The author explains the concept of statistical fluctuations and dependant events very nicely using the Marching Scouts example.

Imagine a single queue of marching kids in a straight line with the leader at the beginning with other kids behind him. The goal is to transport all kids from point A to point B. Since no one can over take any one else, the speed of any kid cannot be faster than the kid in front of him. Therefore if the slowest kid - Charlie is walking much slower than the kid in front of him, the gap between them will increase. The kids behind Charles - even if faster than Charles will be limited to his speed.

This makes transporting all kids from point A to point B dependant on Charles speed.

However, intermittently, Charles (and other slow kids) will run up a little to catch up with the kid in front of them. Therefore the speed is never constant.

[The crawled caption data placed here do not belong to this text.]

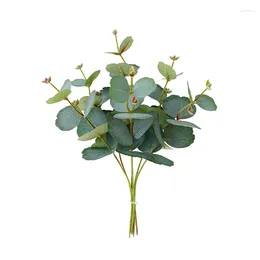 Decorative Flowers Simulation Plants Silk Mini Gold Leaves Eucalyptus Branch Wedding Decor Artificial Plant Fake Flower Balcony Garden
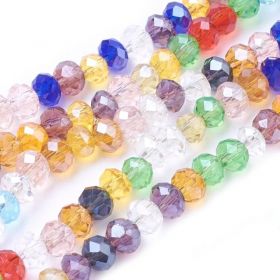 Skleněné broušené korálky 8x6 mm, 68 ks, mix barev s lustrovým pokovem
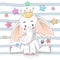 Cute princess elephant - cartoon characters.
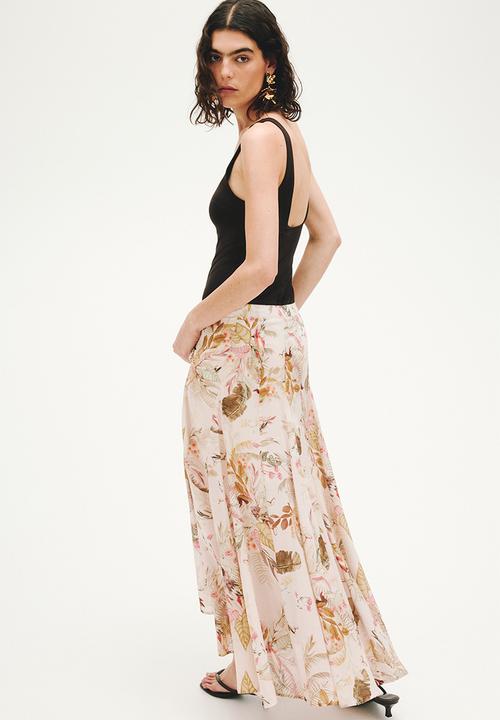 H&M - Flared viscose-blend skirt - light peach pink/floral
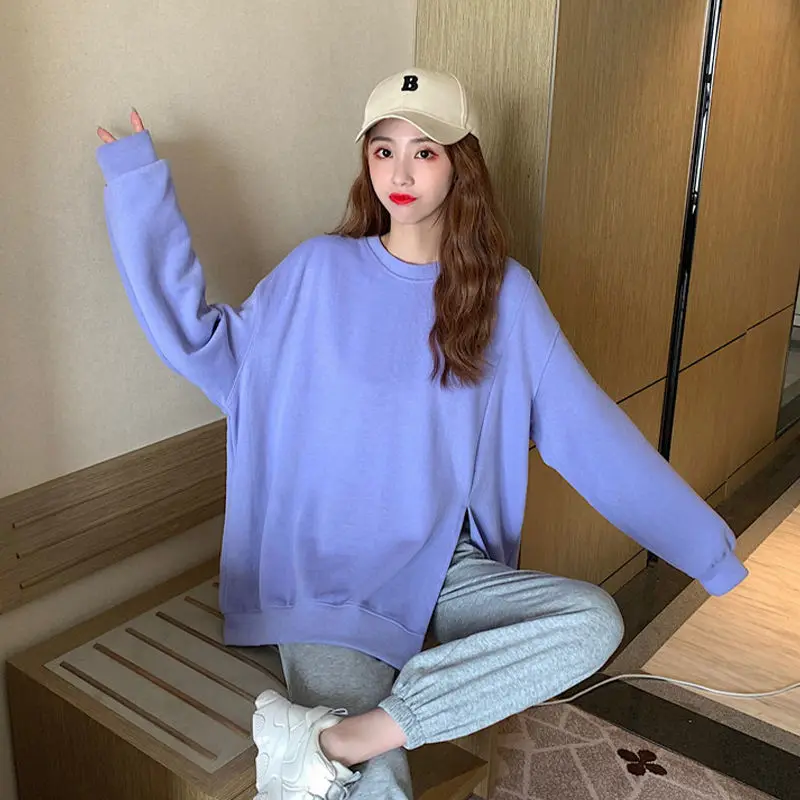 Spring Autumn New Long Sleeve Loose Slit Hem Korean Hoodies Solid Simplicity Trend Pullovers Top Fashion Casual Women Clothing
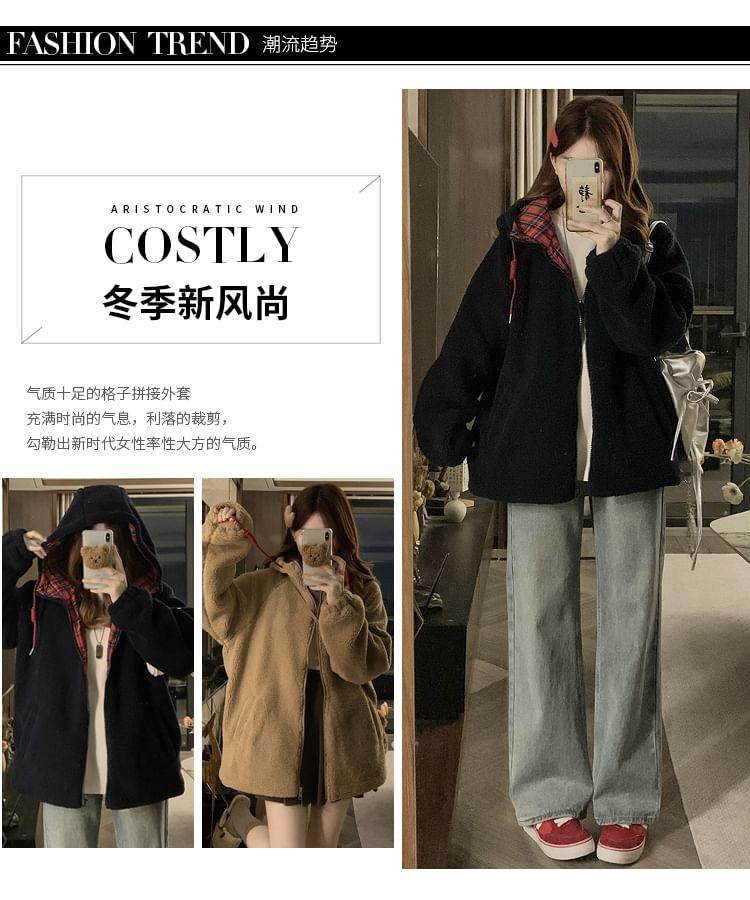 Plaid Drawstring Fleece Zip Jacket Product Image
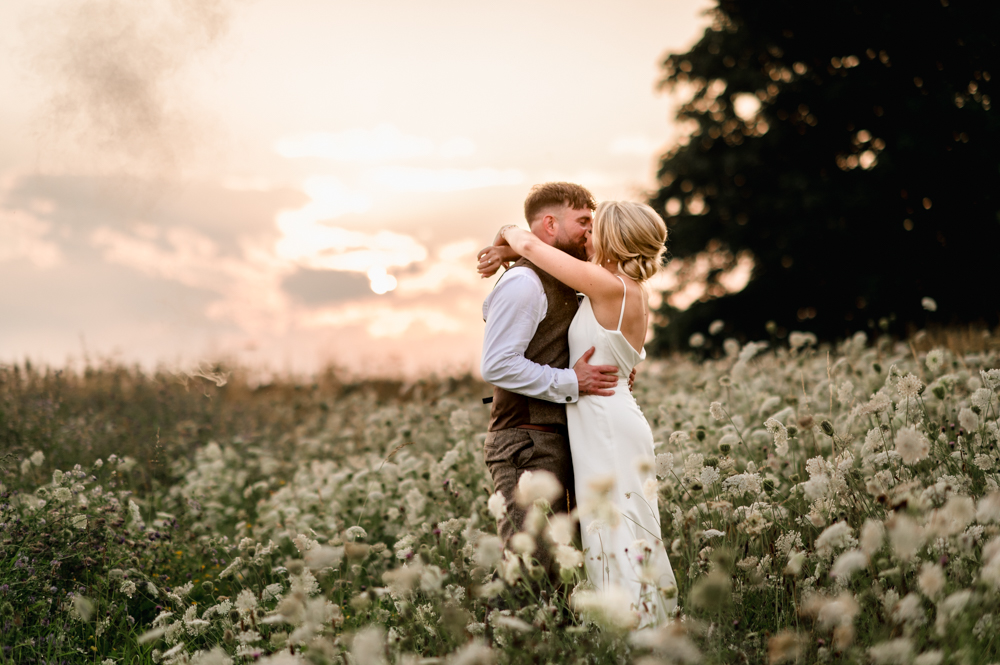 white flower meadow wedding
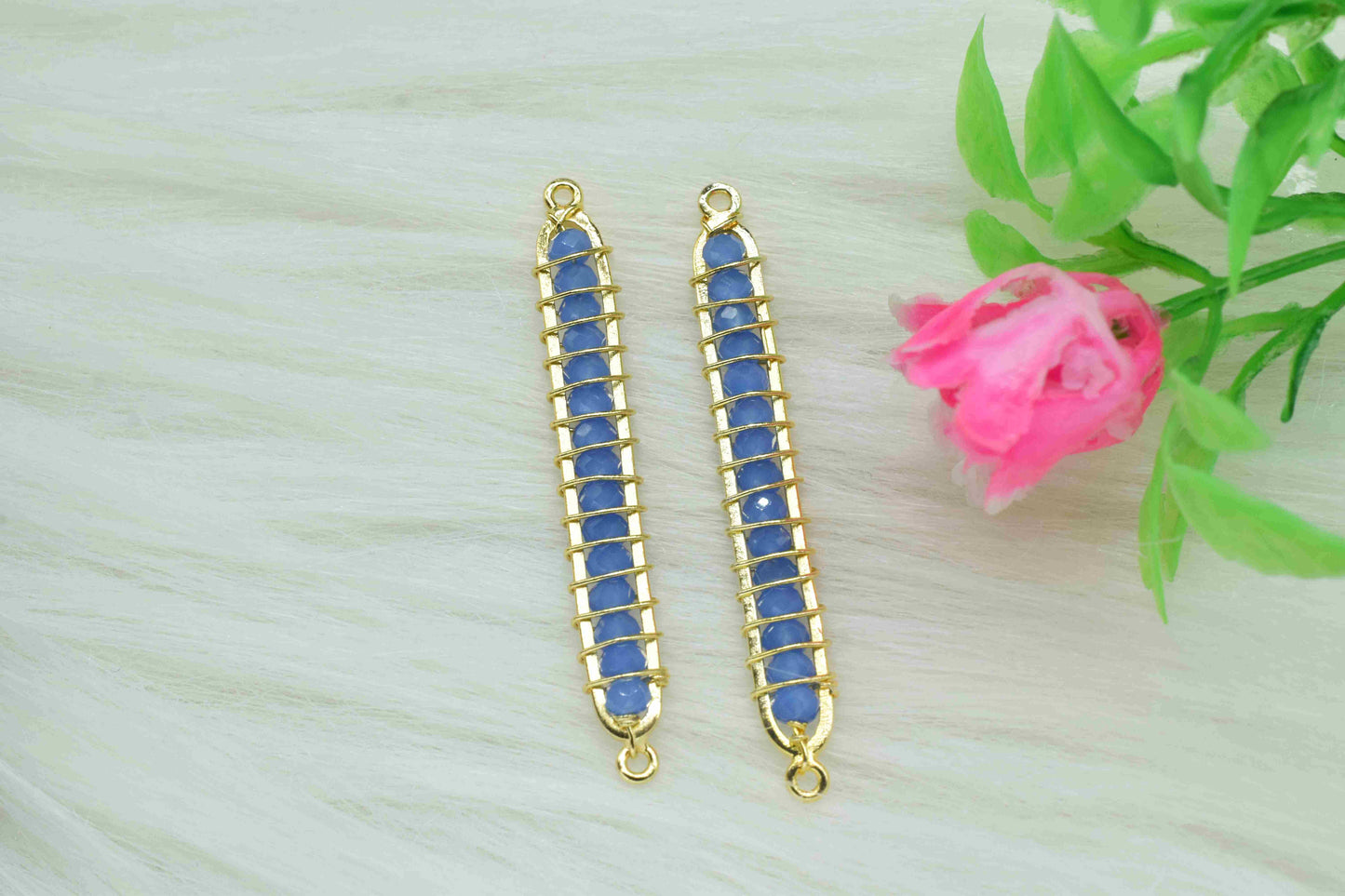 Blue Quartz beaded Bar Finding Connector,Bar Pendant Necklace,Blue Quartz Bar Bracelet,Beaded Bar Finding Component,Blue Quartz jewelry,Gift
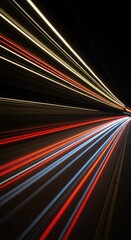 Dynamic long exposure streaks of bright vehicle lights against a dark void background, illustrating speed, motion, technology, and the future ,illumination ,trace ,speed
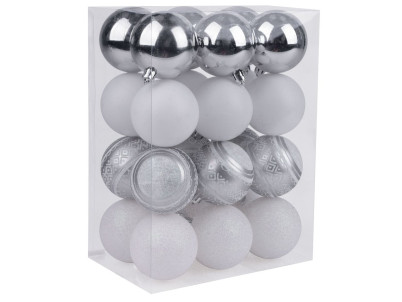 Gule MagicHome Vianoce, 24 ks, bielo - strieborné, mix, na vianočný stromček, 6 cm Gule MagicHome Vianoce, 24 ks, bielo - strieborné, mix, na vianočný stromček, 6 cm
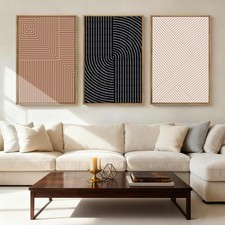ANHUIB Neutral Abstract Modern Canvas Wall Art Set of 3 Framed Black and Whit... picture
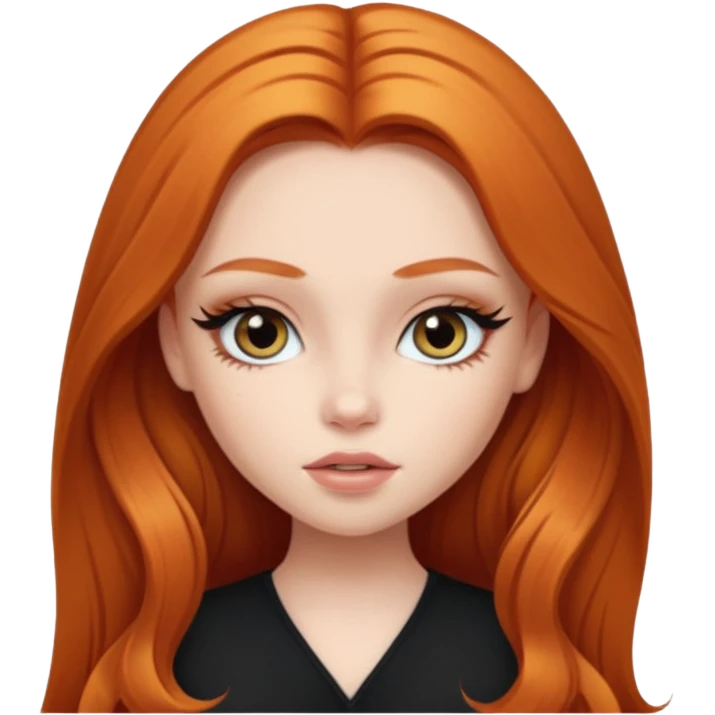 pale skin, girly bratz baddie, beautiful eyes, eyeliner, long ginger hair emoji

Applying this analogy to a production line, Charles is the bottle neck and the throughput of the entire line depends on the throughput of the bottleneck. As the speed of each kid is dependant on speed of kids ahead of him, this is the

**dependant events.**Just like the speed of the kids is not always same, production process is not always at the same speed. This is the

**statistical fluctuation.**Each kid, who is slower than the kid in front of him, is adding to the distance between the first scout and last scout. Therefore the statistical fluctuations add up. They do not average out.

There will always be someone who is the slowest; similarly there will always be a bottle neck in the system.